[[ MATERIAL SUPPLIED, beginning ]]
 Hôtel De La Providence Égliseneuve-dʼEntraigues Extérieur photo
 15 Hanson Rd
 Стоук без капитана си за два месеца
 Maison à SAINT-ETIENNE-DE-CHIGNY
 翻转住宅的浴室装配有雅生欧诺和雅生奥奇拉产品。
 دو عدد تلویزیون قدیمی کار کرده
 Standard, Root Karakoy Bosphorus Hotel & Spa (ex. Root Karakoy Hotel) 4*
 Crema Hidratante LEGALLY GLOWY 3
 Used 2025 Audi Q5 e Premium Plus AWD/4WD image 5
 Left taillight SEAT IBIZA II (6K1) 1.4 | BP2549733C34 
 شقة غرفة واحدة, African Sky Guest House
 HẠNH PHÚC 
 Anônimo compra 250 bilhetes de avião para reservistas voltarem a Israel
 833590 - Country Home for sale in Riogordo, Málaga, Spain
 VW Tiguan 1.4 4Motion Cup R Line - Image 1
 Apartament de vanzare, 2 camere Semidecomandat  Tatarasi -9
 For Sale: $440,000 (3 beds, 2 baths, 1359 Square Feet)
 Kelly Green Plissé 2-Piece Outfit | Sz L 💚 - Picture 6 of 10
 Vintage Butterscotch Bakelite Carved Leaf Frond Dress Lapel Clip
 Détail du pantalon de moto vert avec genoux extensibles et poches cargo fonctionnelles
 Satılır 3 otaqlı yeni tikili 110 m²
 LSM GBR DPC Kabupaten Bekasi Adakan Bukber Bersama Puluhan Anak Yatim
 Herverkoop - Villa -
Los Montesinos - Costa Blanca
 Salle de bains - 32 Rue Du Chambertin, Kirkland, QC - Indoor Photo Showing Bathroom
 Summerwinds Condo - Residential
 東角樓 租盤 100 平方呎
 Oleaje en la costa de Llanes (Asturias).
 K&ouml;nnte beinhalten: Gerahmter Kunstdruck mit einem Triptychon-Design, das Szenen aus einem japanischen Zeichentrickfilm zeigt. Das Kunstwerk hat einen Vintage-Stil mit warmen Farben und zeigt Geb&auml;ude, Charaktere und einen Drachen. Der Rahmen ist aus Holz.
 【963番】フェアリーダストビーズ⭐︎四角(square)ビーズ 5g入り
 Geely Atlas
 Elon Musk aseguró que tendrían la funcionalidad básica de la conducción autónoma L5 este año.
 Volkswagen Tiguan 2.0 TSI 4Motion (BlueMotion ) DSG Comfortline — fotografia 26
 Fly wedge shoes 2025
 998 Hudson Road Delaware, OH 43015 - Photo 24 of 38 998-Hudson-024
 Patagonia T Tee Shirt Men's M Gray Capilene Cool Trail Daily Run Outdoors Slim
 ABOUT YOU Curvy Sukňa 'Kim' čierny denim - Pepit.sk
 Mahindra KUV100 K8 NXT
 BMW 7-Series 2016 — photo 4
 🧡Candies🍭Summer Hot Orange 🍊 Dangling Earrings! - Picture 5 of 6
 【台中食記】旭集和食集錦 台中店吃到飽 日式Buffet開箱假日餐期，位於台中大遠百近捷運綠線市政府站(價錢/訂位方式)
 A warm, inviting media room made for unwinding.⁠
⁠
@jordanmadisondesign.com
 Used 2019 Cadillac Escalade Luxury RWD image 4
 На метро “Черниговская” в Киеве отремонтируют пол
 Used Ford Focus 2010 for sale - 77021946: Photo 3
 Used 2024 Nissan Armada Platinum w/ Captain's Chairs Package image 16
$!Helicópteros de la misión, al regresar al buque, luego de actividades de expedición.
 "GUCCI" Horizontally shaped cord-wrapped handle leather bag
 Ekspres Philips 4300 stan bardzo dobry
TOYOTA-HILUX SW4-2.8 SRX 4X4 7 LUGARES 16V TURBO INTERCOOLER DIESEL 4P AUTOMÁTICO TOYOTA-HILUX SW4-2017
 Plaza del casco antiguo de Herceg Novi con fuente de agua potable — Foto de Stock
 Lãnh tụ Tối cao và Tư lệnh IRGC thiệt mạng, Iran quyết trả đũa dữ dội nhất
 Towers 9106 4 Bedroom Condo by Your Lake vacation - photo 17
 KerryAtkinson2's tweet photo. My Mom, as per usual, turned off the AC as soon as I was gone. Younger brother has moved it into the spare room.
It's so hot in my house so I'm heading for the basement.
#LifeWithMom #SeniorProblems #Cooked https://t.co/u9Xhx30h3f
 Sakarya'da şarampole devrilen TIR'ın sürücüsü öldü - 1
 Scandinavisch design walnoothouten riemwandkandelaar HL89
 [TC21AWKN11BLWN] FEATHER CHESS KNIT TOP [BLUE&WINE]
[[ MATERIAL SUPPLIED, end ]]
Please give an exact copy of the entries above, from the line with "Used 2025 Audi" down to the line with "Kelly Green Plissé", inclusive, and nothing else.

 Used 2025 Audi Q5 e Premium Plus AWD/4WD image 5
 Left taillight SEAT IBIZA II (6K1) 1.4 | BP2549733C34 
 شقة غرفة واحدة, African Sky Guest House
 HẠNH PHÚC 
 Anônimo compra 250 bilhetes de avião para reservistas voltarem a Israel
 833590 - Country Home for sale in Riogordo, Málaga, Spain
 VW Tiguan 1.4 4Motion Cup R Line - Image 1
 Apartament de vanzare, 2 camere Semidecomandat  Tatarasi -9
 For Sale: $440,000 (3 beds, 2 baths, 1359 Square Feet)
 Kelly Green Plissé 2-Piece Outfit | Sz L 💚 - Picture 6 of 10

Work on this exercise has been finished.